## EXERCISE OBJECTIVE
Would you retype the listing below word for word, without any of its pictures?

## COLLECTED DATA
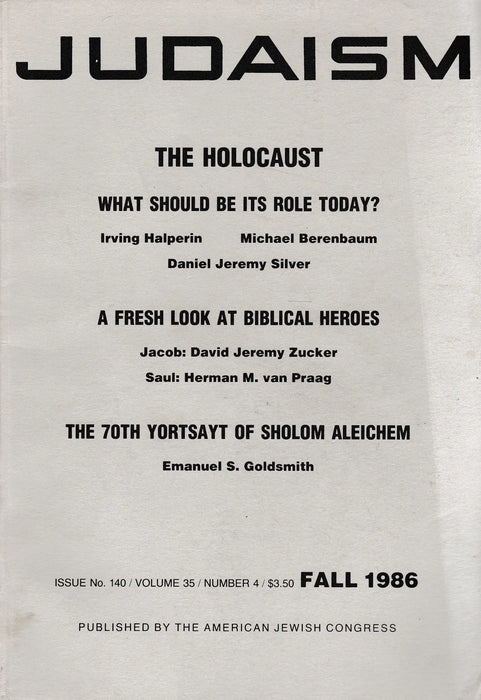 Judaism 1986 Fall - Oskola Antikvárium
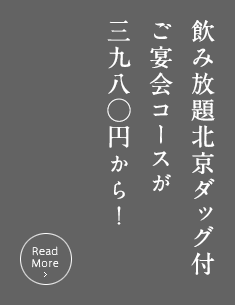 飲み放題北京ダック付ご宴会コースが3980円から！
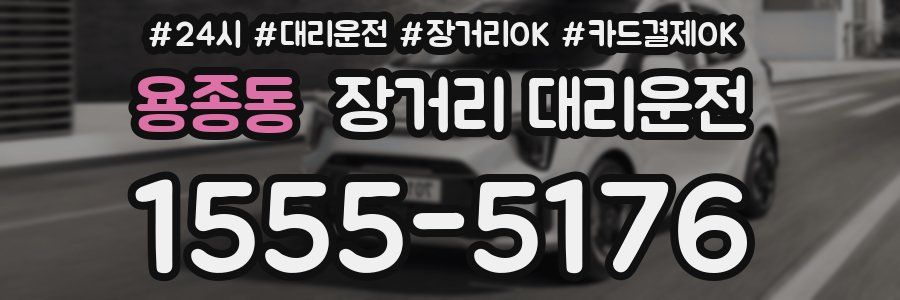용종동 장거리 대리운전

## SOLUTION TO THE PROBLEM
 Judaism 1986 Fall - Oskola Antikvárium
 飲み放題北京ダック付ご宴会コースが3980円から！
용종동 장거리 대리운전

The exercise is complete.